WHAT YOU SHOULD DO: Everything from the line that contains "Various narrow boats" through the final line of the records below should be quoted exactly, except the pictures.

PROVIDED DATA:
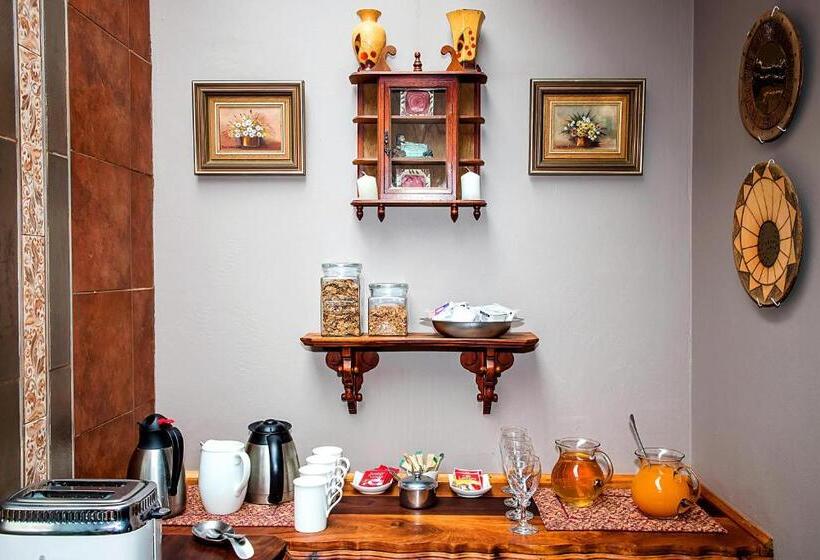 بنسيون Aha Guest House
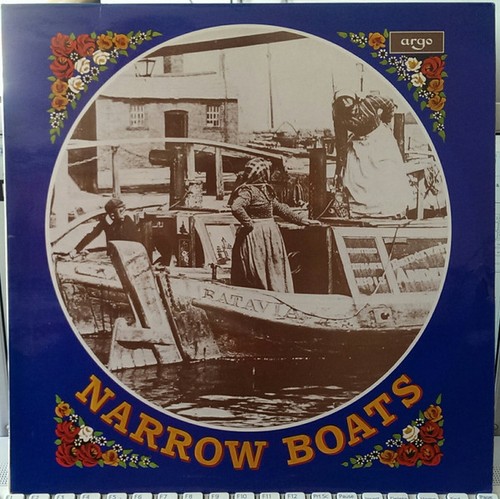 Various narrow boats - -,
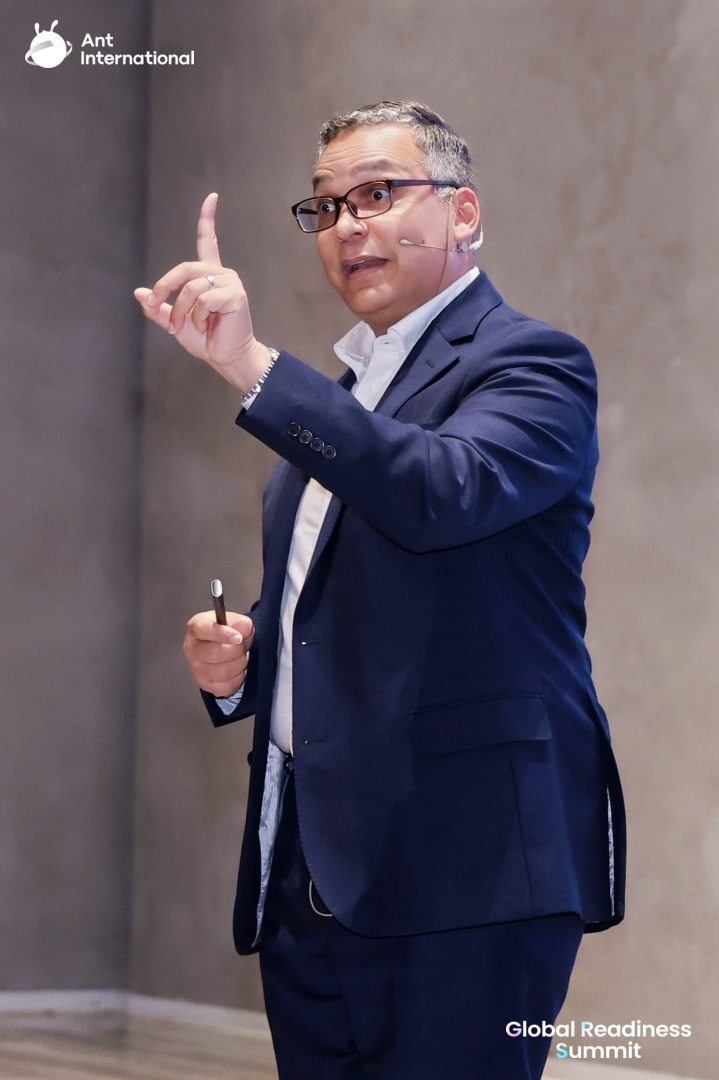 socoselling's tweet image. Many teams treat MEDDIC like a checklist. They ask too many questions just to finish a step. I recently told 200 reps in Hangzhou that MEDDIC is a customer management system. You use it to find gaps early so you can fix them or move on. 

#MEDDIC #Sales #SalesTraining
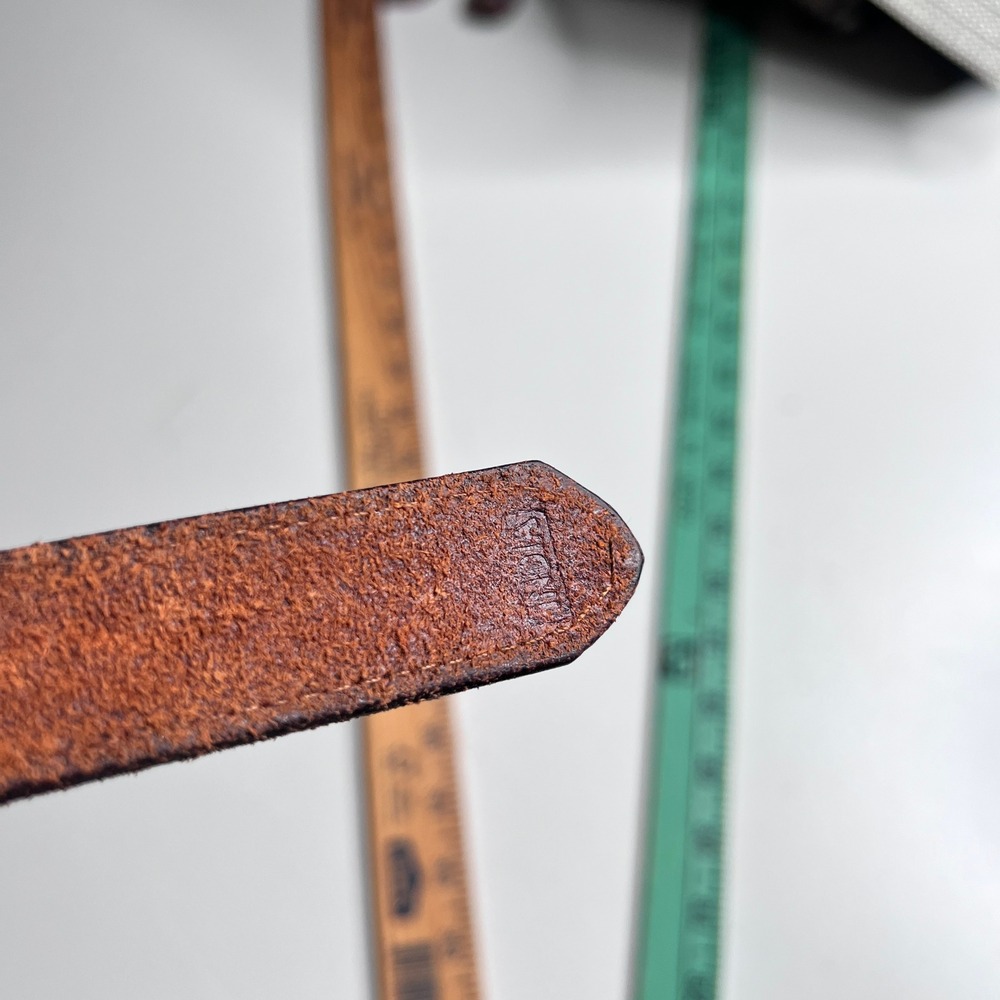 Fossil Vintage Brown Leather Belt Brass Link Hardware 98650M Size Medium - Picture 2 of 9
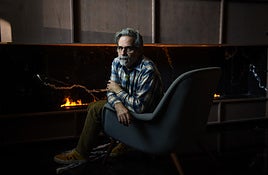 Jonathan Lethem en el hall del hotel Radisson, poco antes de participar en el Festival Ja!.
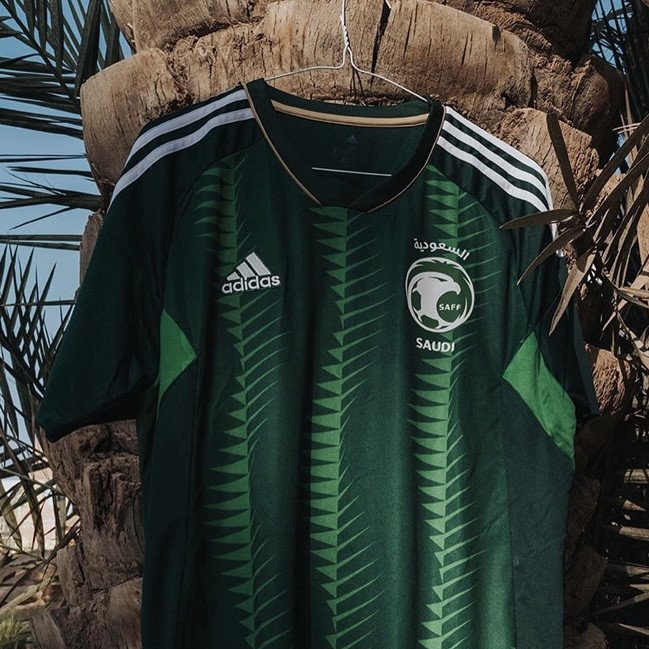 طقم المنتخب السعودي الاساسي 23/24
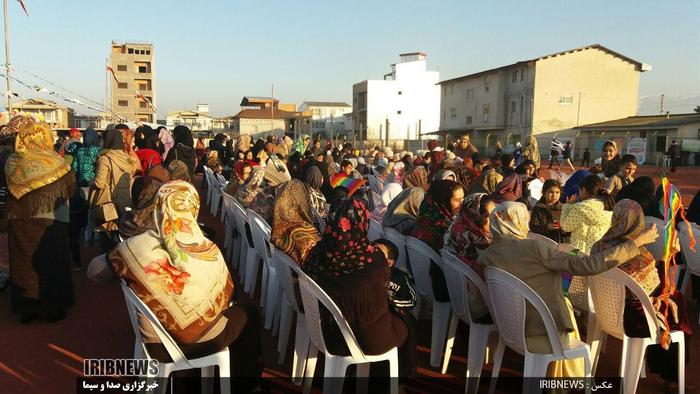 پرواز بادبادکها به مناسبت دهه فجر در شهرستان ترکمن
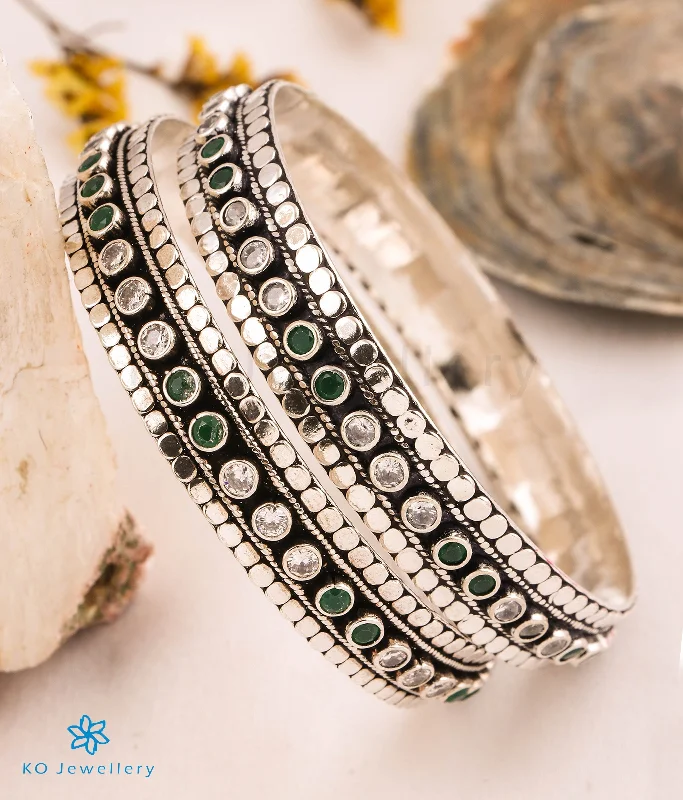 Matte link bangles-The Abha Silver Bangle (Green/White/Size 2.6)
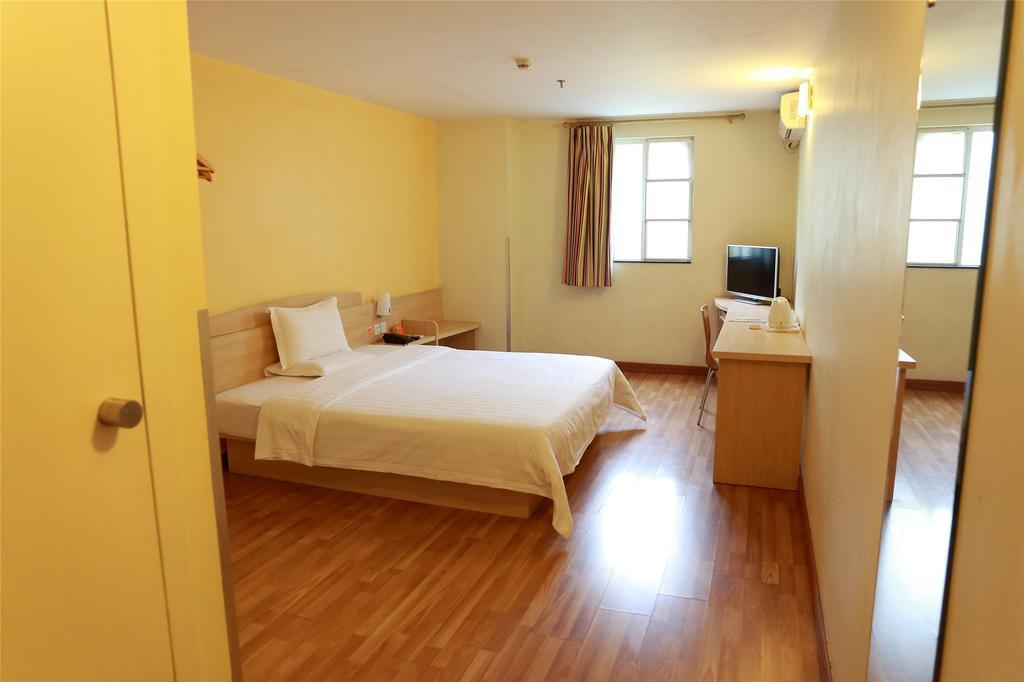 7Days Inn Mei Zhou Bin Fang Avenue Meizhou  Bagian luar foto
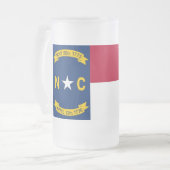 Mok van glas met vlag van North Carolina, gekruld (Voorkant links)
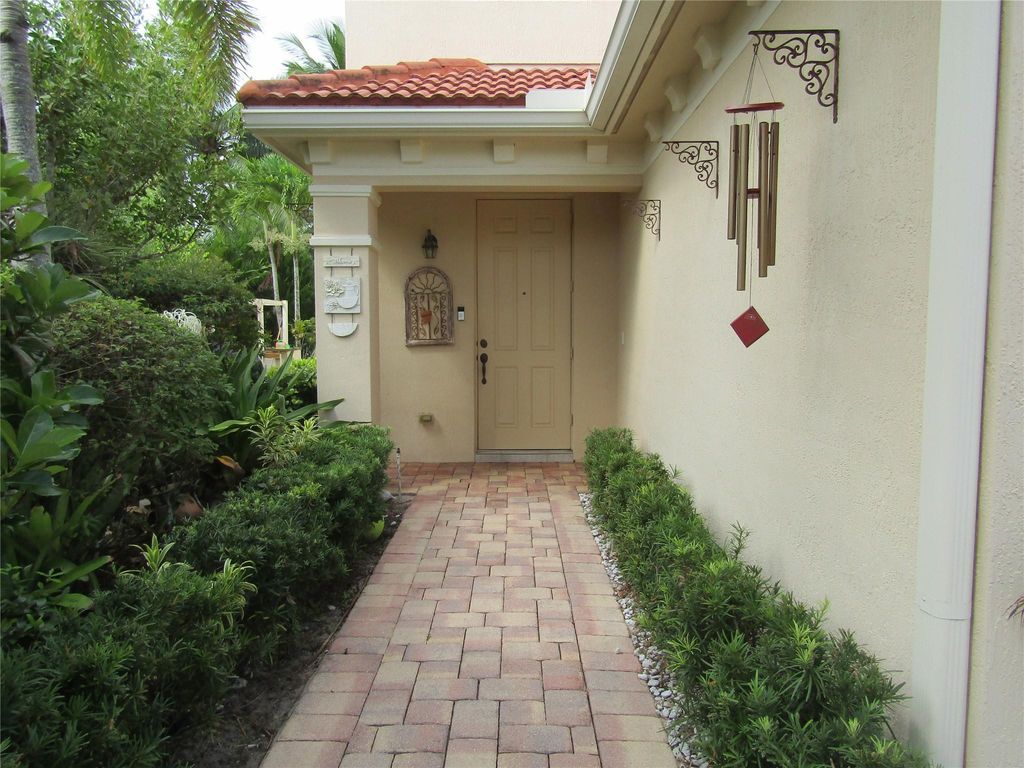 Photo of 6043 SE Turn Leaf Trail, Hobe Sound, FL 33455 (MLS # F10533749)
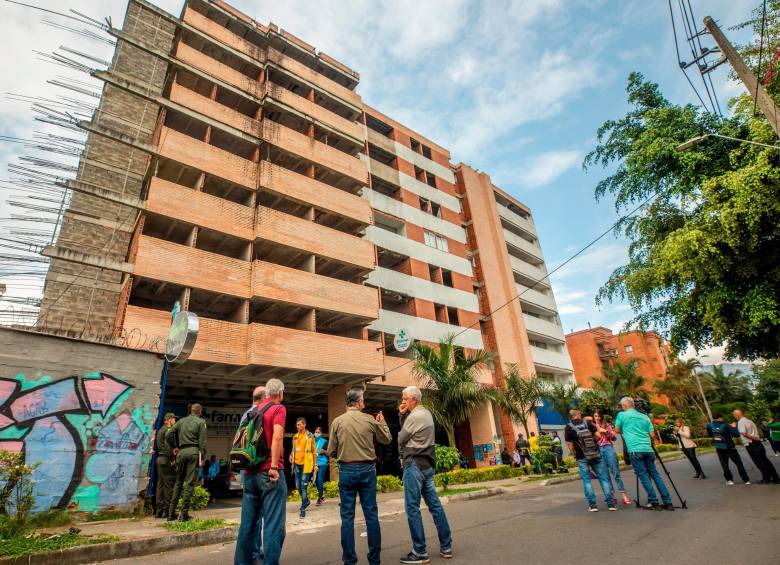 El Edificio Alabama presenta fallas estructurales que ponen en riesgo a sus habitantes, según las autoridades. FOTO: Camilo Suárez.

ANSWER TO THIS EXERCISE:
 Various narrow boats - -,
 socoselling's tweet image. Many teams treat MEDDIC like a checklist. They ask too many questions just to finish a step. I recently told 200 reps in Hangzhou that MEDDIC is a customer management system. You use it to find gaps early so you can fix them or move on. 

#MEDDIC #Sales #SalesTraining
 Fossil Vintage Brown Leather Belt Brass Link Hardware 98650M Size Medium - Picture 2 of 9
 Jonathan Lethem en el hall del hotel Radisson, poco antes de participar en el Festival Ja!.
 طقم المنتخب السعودي الاساسي 23/24
 پرواز بادبادکها به مناسبت دهه فجر در شهرستان ترکمن
 Matte link bangles-The Abha Silver Bangle (Green/White/Size 2.6)
 7Days Inn Mei Zhou Bin Fang Avenue Meizhou  Bagian luar foto
 Mok van glas met vlag van North Carolina, gekruld (Voorkant links)
 Photo of 6043 SE Turn Leaf Trail, Hobe Sound, FL 33455 (MLS # F10533749)
 El Edificio Alabama presenta fallas estructurales que ponen en riesgo a sus habitantes, según las autoridades. FOTO: Camilo Suárez.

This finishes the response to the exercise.